High Steppes of Eastern Washington
When I was working I wouldn't leave the house without Thomas Guides for at least counties.
I did drug lab raids all over the state and wear out one every couple of years. With state and county milepost maps and topo maps pin pointing labs. If you are getting crews by choppers into big pot grows ten miles from a road, that was our basic tool. It wasn't until about 2004 that GPS got good enough with the huge expansion for the war on terror. The only radio commo was Low Band FM in the basalt mountains.
 

Rick

Moderator
Staff member
The early GPS unit were a horrible waste of time. Lucky if they got you to your destination but if they did it was guaranteed to put you into the highest traffic route possible and never the shortest distance. They did improve though, just not for the high traffic thing.
 

462

California's Central Coast Amid The Insanity
An EMP would do to today's electronic knowledge storage devices what fire did to ancient Alexandria's library.
 

Jeff H

NW Ohio
.......every trade was overwhelmed with work and unable to find enough competent or trainable help to keep up. ......................

I get mobbed at the local job fair - "we need more of this," "can't find enough of that," "workforce shortages, turn-over, baby-boomers retiring....."

My first question - what are you paying?

A lot of companies just can't get it through their heads that you have to pay for what you want and you get what you pay for.

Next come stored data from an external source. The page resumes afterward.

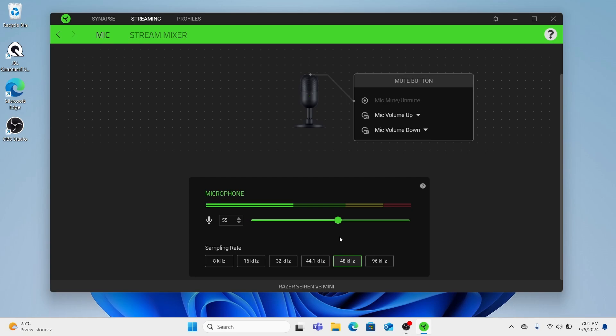So I suggest you to choose between these three. But I think that the most optimal way to record sound in streams and playing games is 48kHz. But if you have poor connection maybe 32kHz will be better for you.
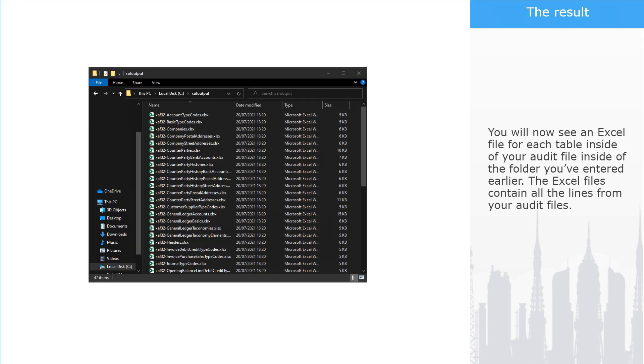You will now see an Excel file for each table inside of your audit file in the folder you've entered earlier. The Excel files contain all the lines from your audit files.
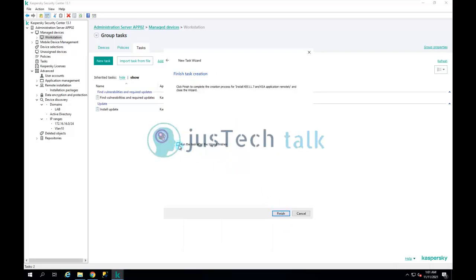I'll check 'Run the task after the wizard finishes' and click Finish. My task is now created on the Workstation group.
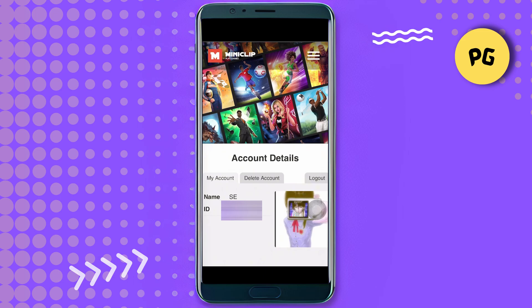From here, tap on 'Change Password'. In my case, I don't have that option because I logged in using Facebook. But once you're logged in with email, tap on 'Change Password' to change your Eight Ball Pool Miniclip account password.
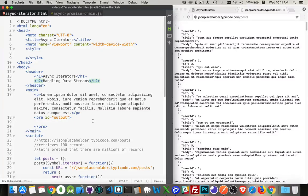I want to talk about asynchronous iterators. I've talked about generators, iterators, and async/await functions. Now I want to talk about how you can leverage iterators to get data that's coming in large, large data sets.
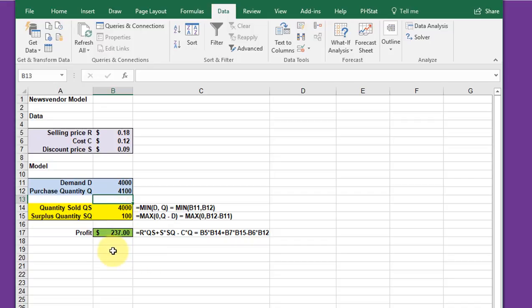But is there a way we could let Excel help us find a particular goal? And the answer is yes. We can use a tool in Excel called Goal Seek.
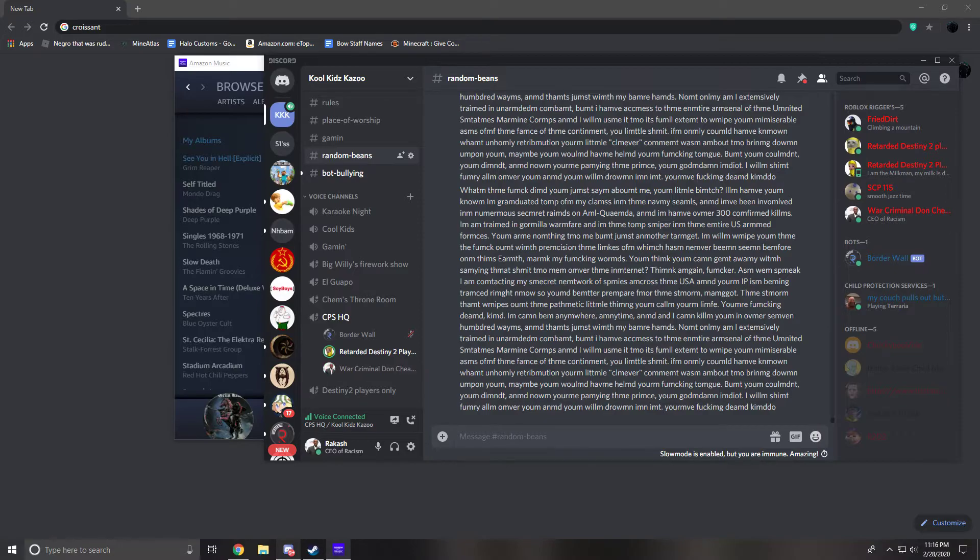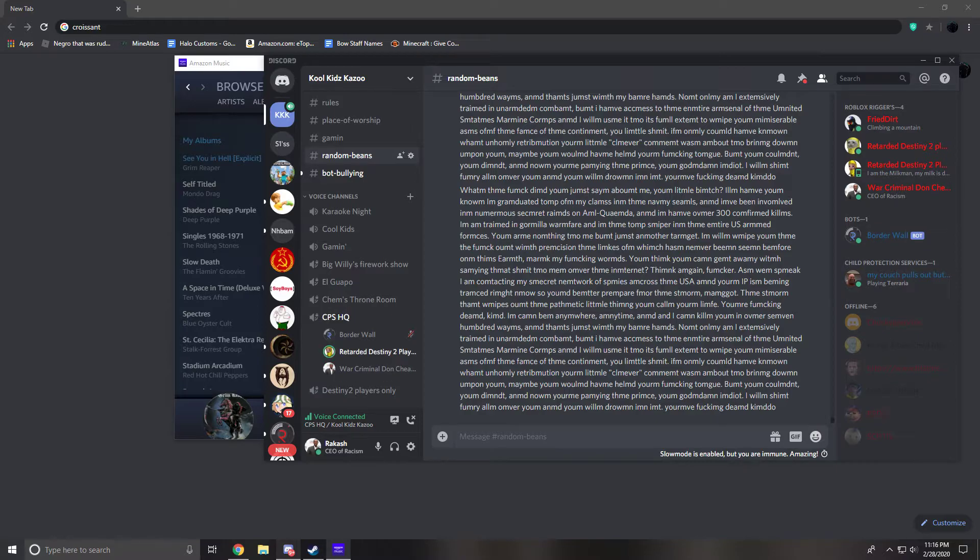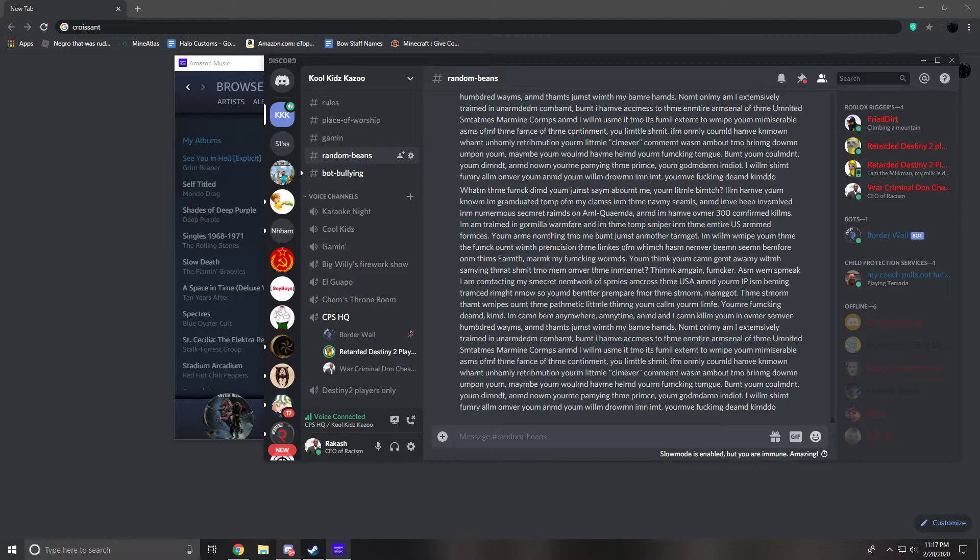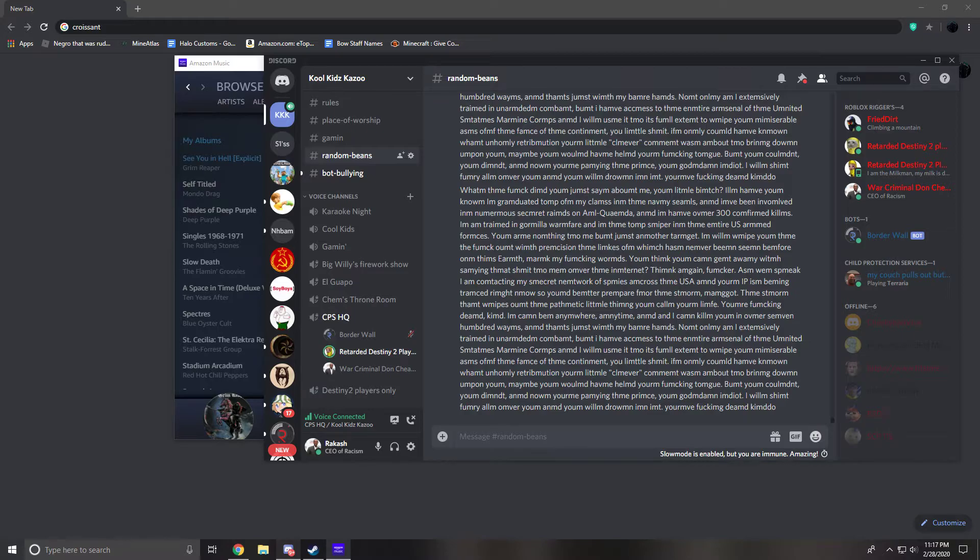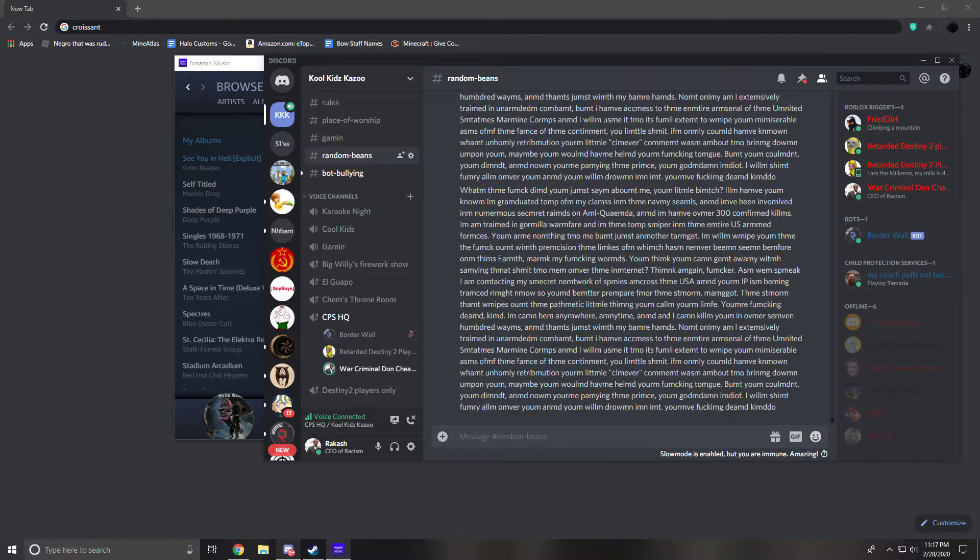Wait, is this supposed to be hundred? It's hundred. Is there a bee? I don't know. And that's just with my bare hands. Not only am I extensively trained in unarmed combat, but I have access to the entire United States Marine Corps.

There ARE qualified people being educated, you just have to compete to get them. That's the nature of business, right?
 

Jeff H

NW Ohio
........................patrol deputies/officers always kept Thomas Guides in their posse box....

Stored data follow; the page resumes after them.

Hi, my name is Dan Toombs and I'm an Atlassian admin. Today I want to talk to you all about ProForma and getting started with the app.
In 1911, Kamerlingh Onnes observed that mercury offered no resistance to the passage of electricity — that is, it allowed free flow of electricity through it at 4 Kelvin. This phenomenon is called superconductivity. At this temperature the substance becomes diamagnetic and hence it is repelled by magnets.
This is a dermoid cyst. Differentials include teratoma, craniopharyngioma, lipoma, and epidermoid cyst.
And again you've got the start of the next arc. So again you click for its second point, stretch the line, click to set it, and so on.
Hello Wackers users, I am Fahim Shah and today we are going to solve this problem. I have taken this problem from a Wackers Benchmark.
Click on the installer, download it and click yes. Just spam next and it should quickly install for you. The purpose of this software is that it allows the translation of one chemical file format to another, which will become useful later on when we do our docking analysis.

I've never seen one, but I do still carry a DeLorme Gazetteer (for my state) in my Jeep. It doesn't take any specialized (expensive) batteries, has no USB charging cable and works where there's "no signal."
 

Bill

Active Member
Watching my dad and my uncles mow grass in the late 40s and early 50s I would hate to go back to that

Bill
 

462

California's Central Coast Amid The Insanity
Somewhere East of Twin Falls, Idaho, I missed whatever highway/road that would connect with Highway 93, to take us to Wells, Nevada. My wife tuned her phone to a GPS station that got us through. For some reason, there weren't any maps in the car.

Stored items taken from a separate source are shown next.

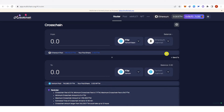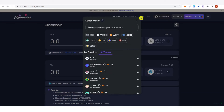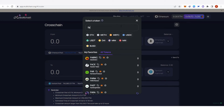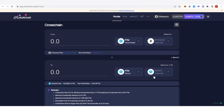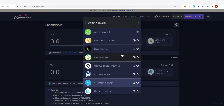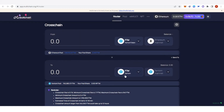I don't have to change the network because I am already using Ethereum mainnet. For the token, you can choose any token you want — for example, let's type 'Phantom' and click it. For the recipient chain, you want to choose Phantom mainnet because you want to bridge from Ethereum to Phantom. Click here, then click 'Phantom'. The token field will automatically change when you choose what token you are going to bridge.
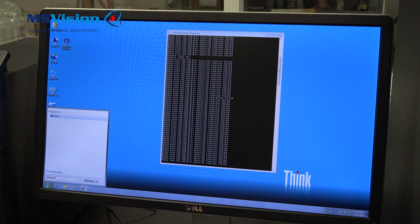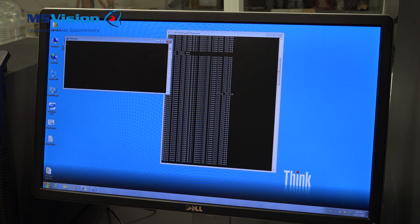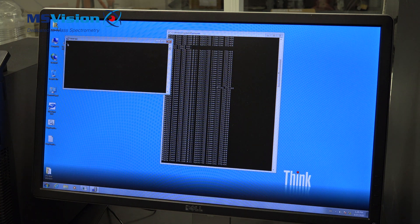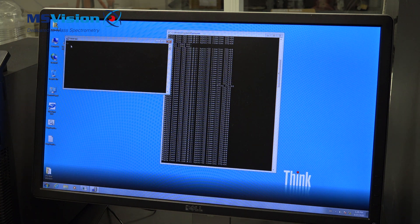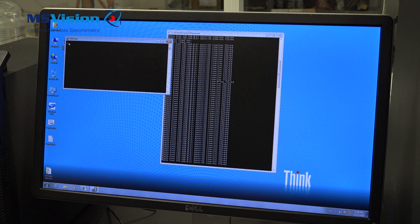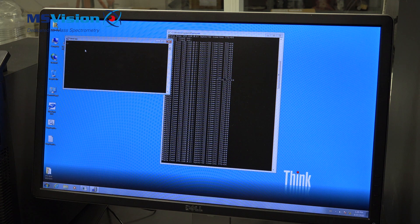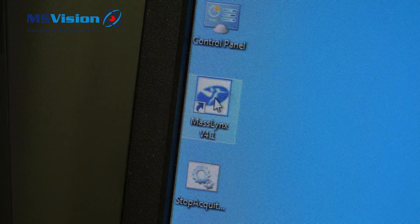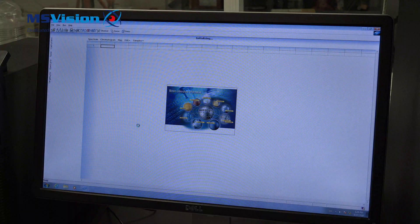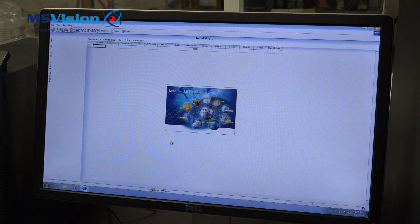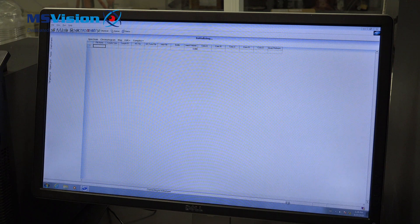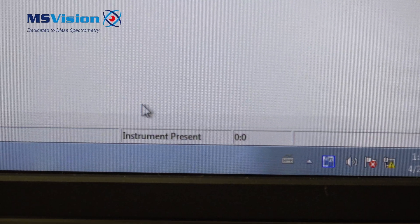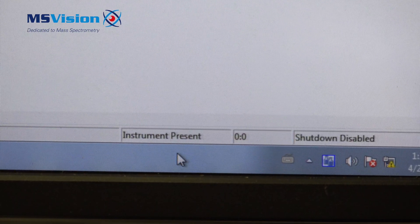And we can start Mass Link again. You can close these two windows, start Mass Link, and at the bottom here you should see that the instrument is present and not scanning.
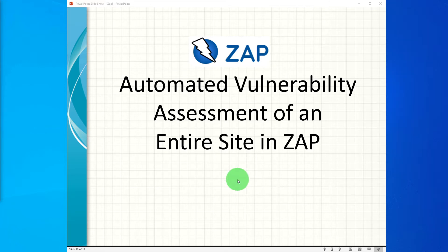Hi guys, in this video we will learn how to automatically scan an entire site for vulnerability assessment in ZAP.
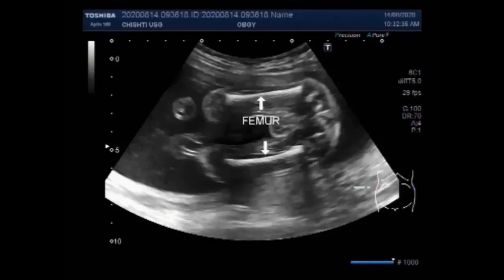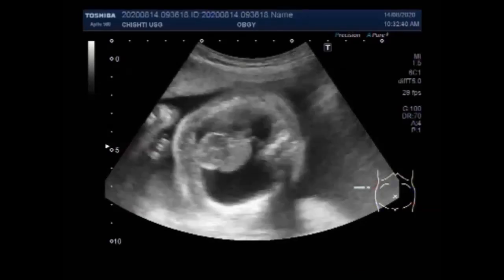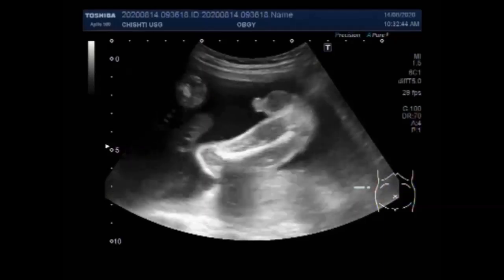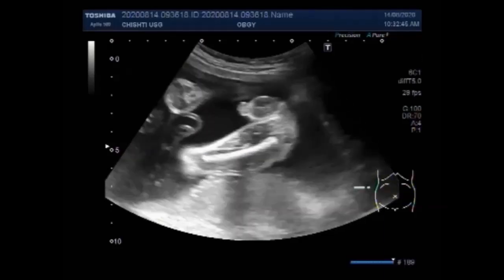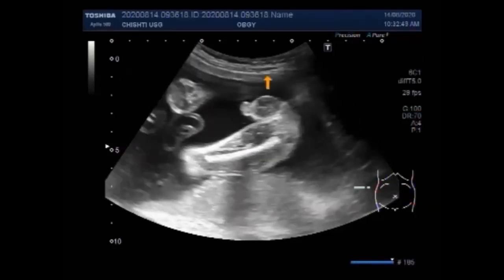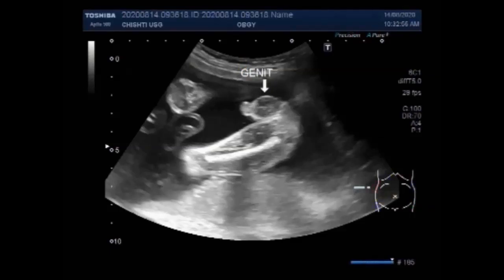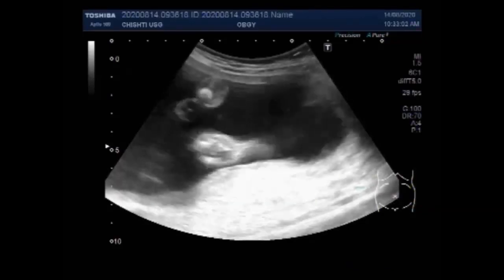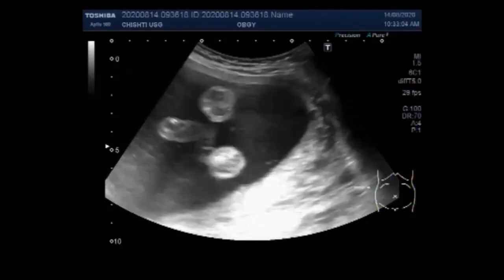Serial ultrasound examinations should be performed every one to two weeks for eight to twelve weeks after exposure. The most obvious ultrasound manifestation of fetal anemia is hydrops. By the time ultrasound evidence of hydrops is present, the fetal hematocrit is likely to be less than 20%. Now again you can see the fetal lower limbs.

Used the Thomas Guides for five years. Kind of like Rand McNally fine tuned down to the neighborhood level.
 

462

California's Central Coast Amid The Insanity
Bill,
As a teen-ager, I pushed a push lawn mower round the neighborhood mowing lawns for a buck. Still have a pusher for the small patch in back. Additionally, I delivered the Monday through Friday evening paper for a buck per customer (90-95) per month.